There we were this past Sunday, almost done with our Palm and Passion reading of The Cry of the Whole Congregation, a dramatic reading of the passion according to Luke as envisioned by noted Lutheran author Walter Wangerin, Jr. We'd walked into Jerusalem, singing All Glory, Laud and Honor. We'd been to the Last Supper, and we'd gone to dark Gethsemane. Judas' betrayal, Pilate's equivocating, Herod's duplicity, Peter's denial - all come and gone. Jesus commended his spirit into the Father's hands. Powerful, powerful stuff. Our congregation has mentioned several times how much they appreciated this week's worship series. But within all of that was the one moment that started the sermon snowball rolling for me this week. It was here:
PILATE: Now there was a man named Joseph from the town of Arimathea, a righteous man, one looking for the kingdom of God. This man went to Pilate and asked for the body of Jesus. Then he took it down and wrapped it in a linen shroud, and laid him in a rock-hewn tomb, where no one had ever yet been laid.
Did you see it? You maybe didn't. That's how it often happens for me. These scriptures, this Word of God which has been speaking to me all my life, reached out of the book and grabbed me by my goatee and started shaking me about (I don't have any hair on my head, so God grabs where God can get hold of me).
Joseph of Arimathea, looking for the kingdom of God, found Jesus hanging on the cross. This is the kingdom of God.

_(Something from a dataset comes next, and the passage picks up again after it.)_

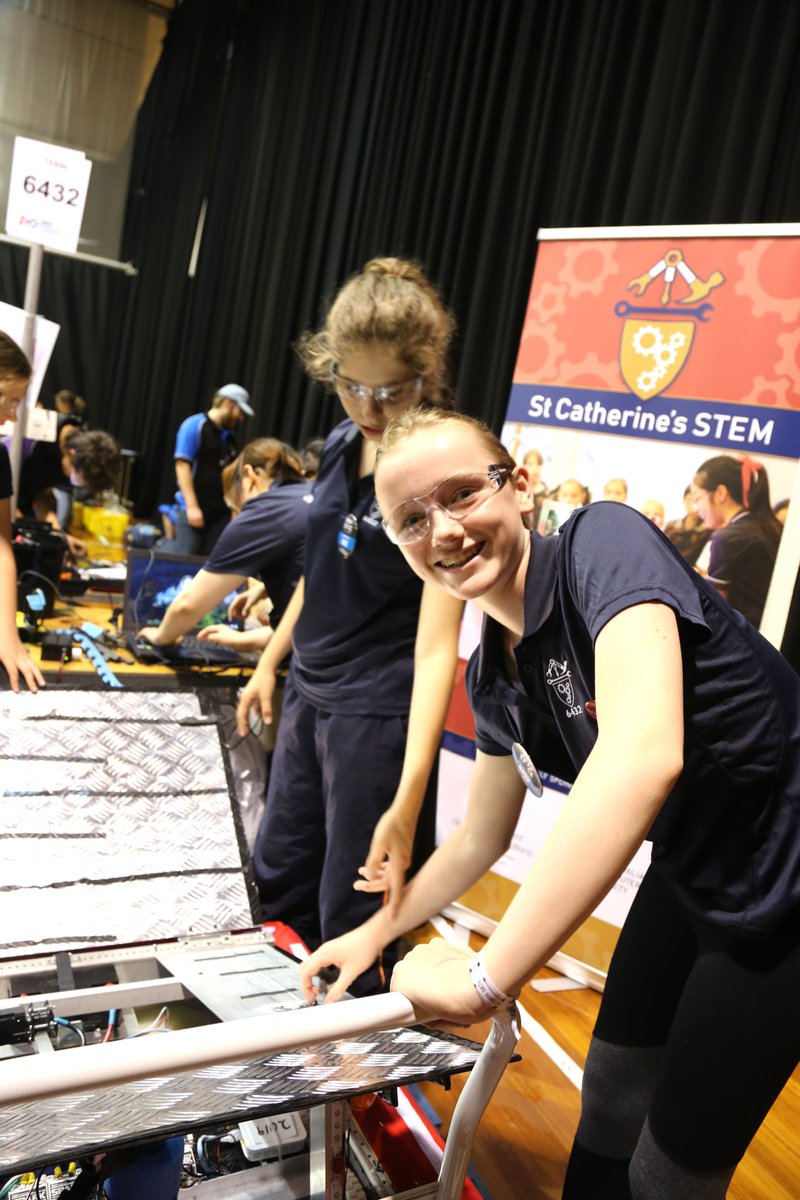 StCatherinesSyd's tweet photo. The competition was fierce and St Cathode’s did an amazing job at the @FirstAustralia Robotics Competition amidst strong international teams. Congrats to all the girls and their mentors. Thanks to our sponsors @ACSNSW and @AUP_IT https://t.co/JEEbbXVWsP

One moment in the middle of worship, a word came to me in a way it never has before. After ten years of doing this work, I've learned to pay attention when that happens, to let it go where it needs to go because it isn't me doing the work at that moment, it's the Spirit. Four days later, I'm elbows deep in a sermon series for Maundy Thursday, Good Friday and Easter:
Maundy Thursday: The Kingdom of God - Founded in Glorious Love
Good Friday: The Kingdom of God - Revealed Upon the Cross of Jesus
Easter Sunday: The Kingdom of God - Raised Into New Life with Christ
I'm still working it all out. I'll spend quite a few more hours hunched over my computer typing away, and likely the end result won't look entirely like I envision it at the moment. But this is the thrill of the preaching office. This is how sermons get started. This is how the Word of God gets loose in the world. This is why, some Sundays, the pulpit feels like a prize bull in the chute, and I, poor little white-knuckled preacher that I am, have to settle my grip and hold on for dear life.